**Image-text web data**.
*** Block opens ***

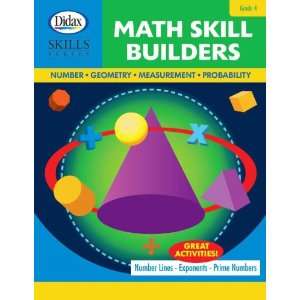  Didax Math Skill Builders   4th Grade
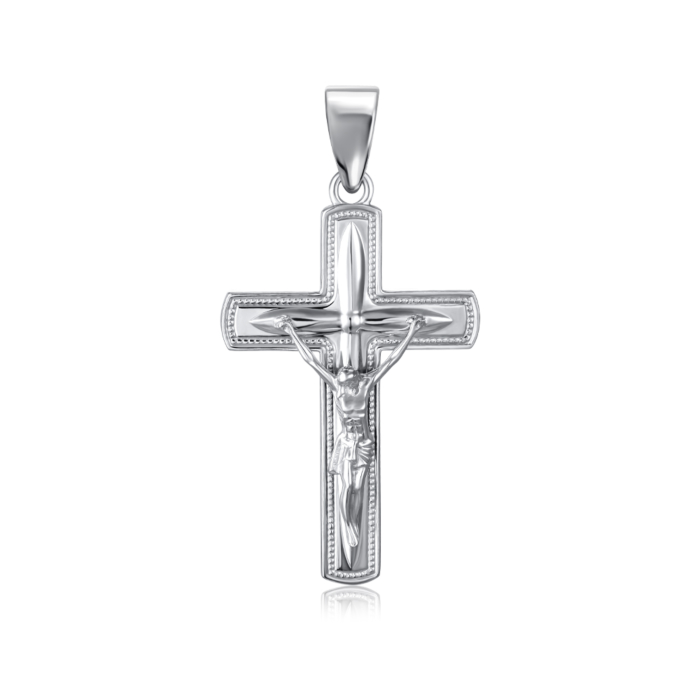 Серебряный крестик. Артикул с70090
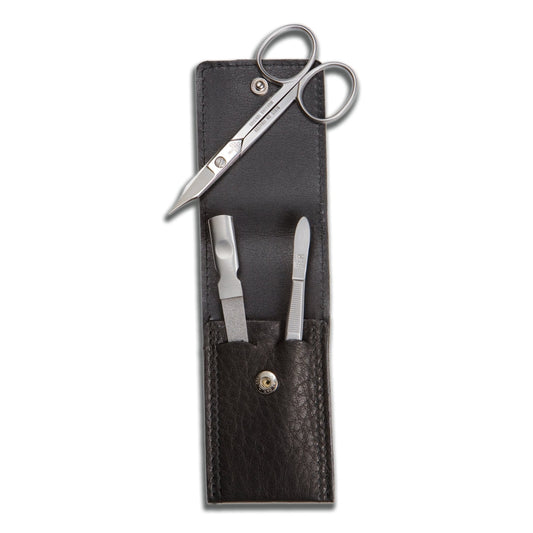 DREITURM 3-teiliges Maniküre-Etui – Kompakt, hochwertig, Made in Solingen - Modell Die Bunten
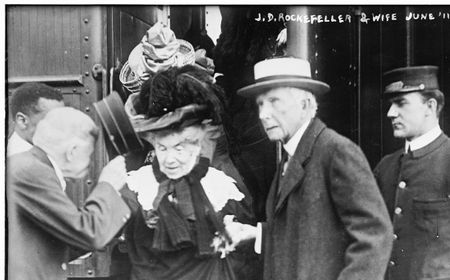 John Davison Rockefeller Dikenal Kejam Sekaligus Dermawan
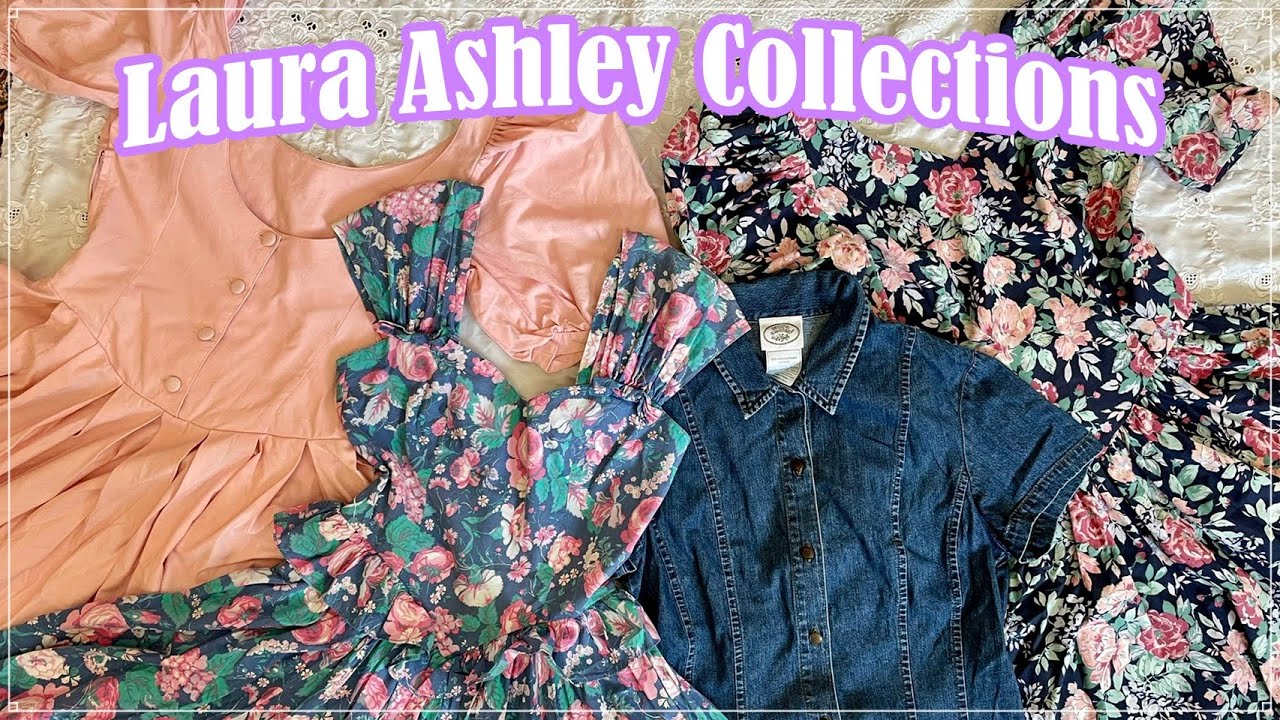 ビンテージ古着紹介】Laura Ashley(ローラアシュレイ)コレクション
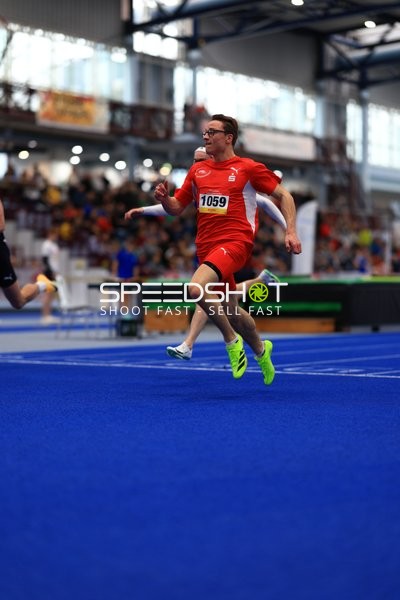 Süddeutsche Hallenmeisterschaften Aktive/U18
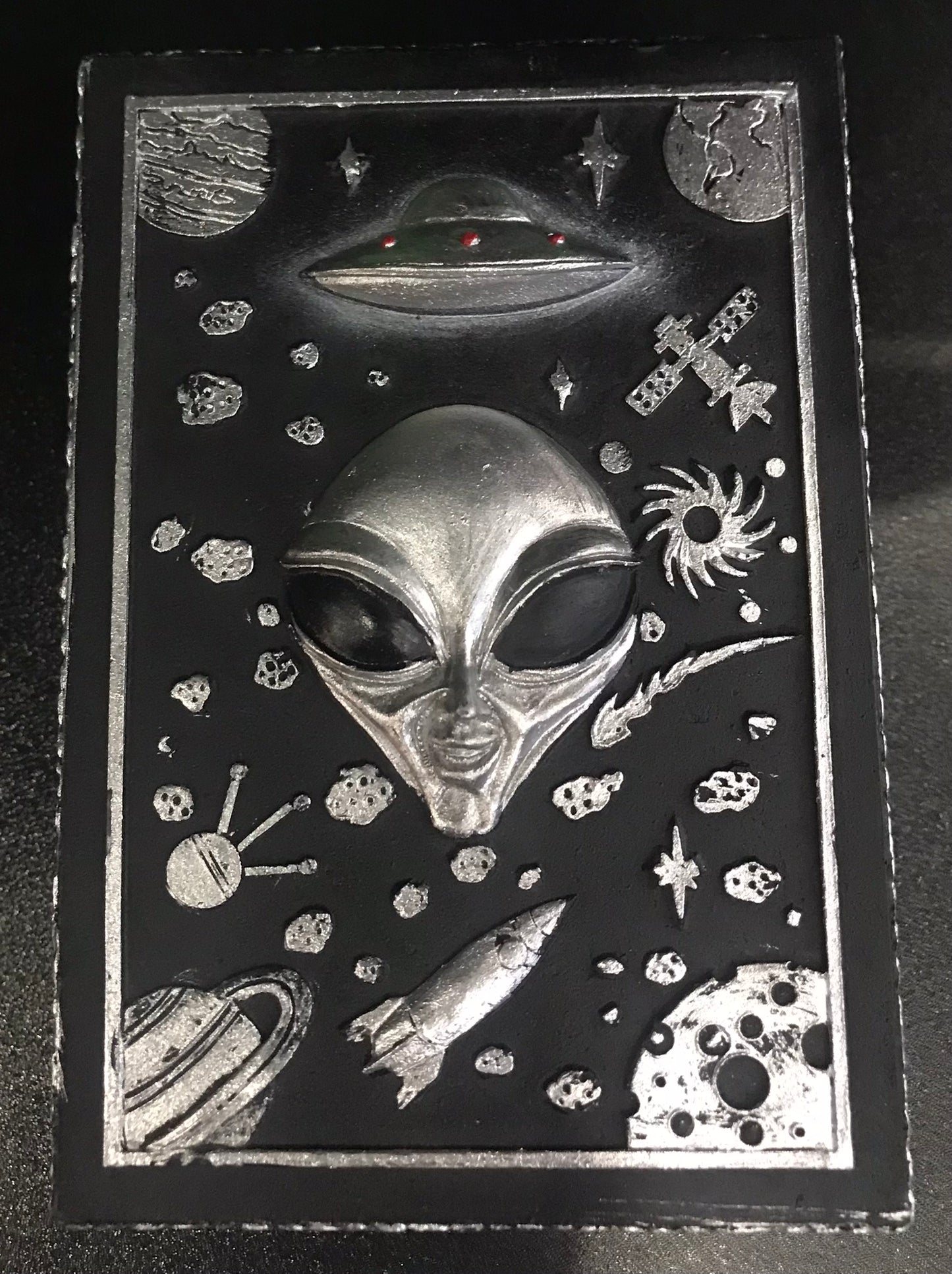 Trinket Box,Alien UFO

*** Block closes ***

**Exercise**.
Print once more, exactly, the lines from the one with "ビンテージ古着紹介】Laura Ashley(ローラアシュレイ)コレクション" through the last line of the data, both ends included, without any pictures.

**Your response**.
 ビンテージ古着紹介】Laura Ashley(ローラアシュレイ)コレクション
 Süddeutsche Hallenmeisterschaften Aktive/U18
 Trinket Box,Alien UFO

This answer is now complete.